# [Your objective]
Output all entries verbatim, dropping pictures.

# [Stored data entries]
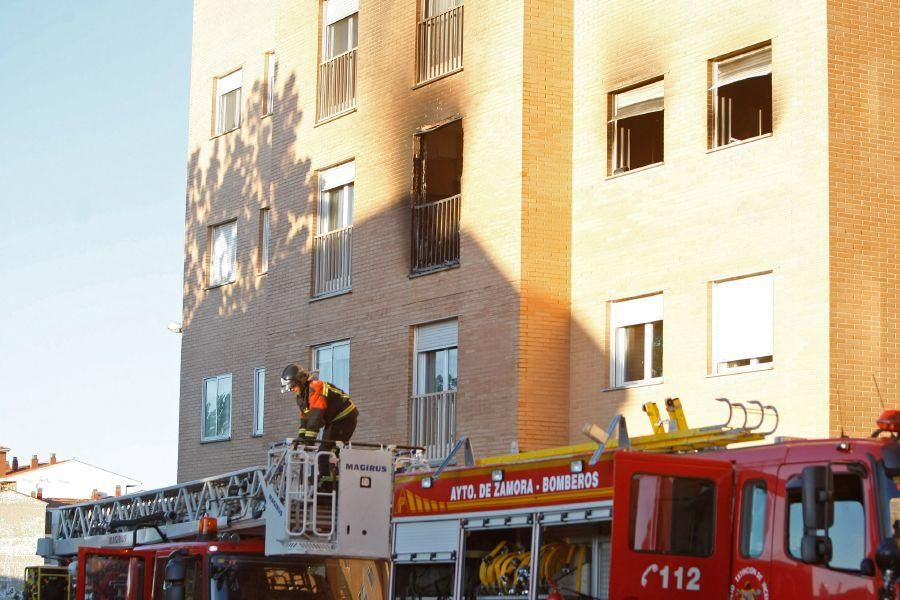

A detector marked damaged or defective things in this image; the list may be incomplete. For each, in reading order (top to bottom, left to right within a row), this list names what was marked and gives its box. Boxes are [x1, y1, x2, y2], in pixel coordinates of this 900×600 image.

fire-damaged window [608, 79, 664, 173]
fire-damaged window [712, 44, 768, 146]
fire-damaged window [412, 120, 460, 274]
fire-damaged window [628, 476, 712, 556]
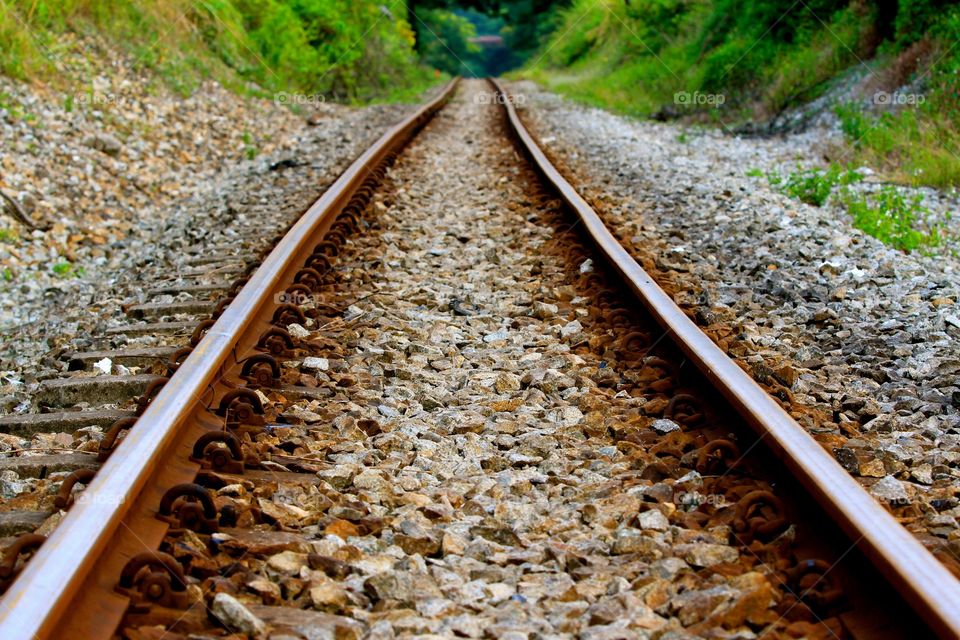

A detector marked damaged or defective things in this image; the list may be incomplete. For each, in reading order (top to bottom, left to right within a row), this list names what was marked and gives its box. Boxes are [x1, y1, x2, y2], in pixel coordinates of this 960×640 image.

rusty rail [0, 80, 460, 640]
rusty rail [492, 77, 960, 636]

# [Answer for the task]
A detector marked damaged or defective things in this image; the list may be incomplete. For each, in reading order (top to bottom, left to right within a row), this list names what was marked and gives its box. Boxes are [x1, y1, x2, y2], in pixel coordinates of this 900×600 image.

fire-damaged window [608, 79, 664, 173]
fire-damaged window [712, 44, 768, 146]
fire-damaged window [412, 120, 460, 274]
fire-damaged window [628, 476, 712, 556]

A detector marked damaged or defective things in this image; the list may be incomplete. For each, in reading order (top to bottom, left to right within a row), this list names what was marked and gives its box. Boxes are [x1, y1, x2, y2], in pixel coordinates of this 960×640 image.

rusty rail [0, 80, 460, 640]
rusty rail [492, 77, 960, 636]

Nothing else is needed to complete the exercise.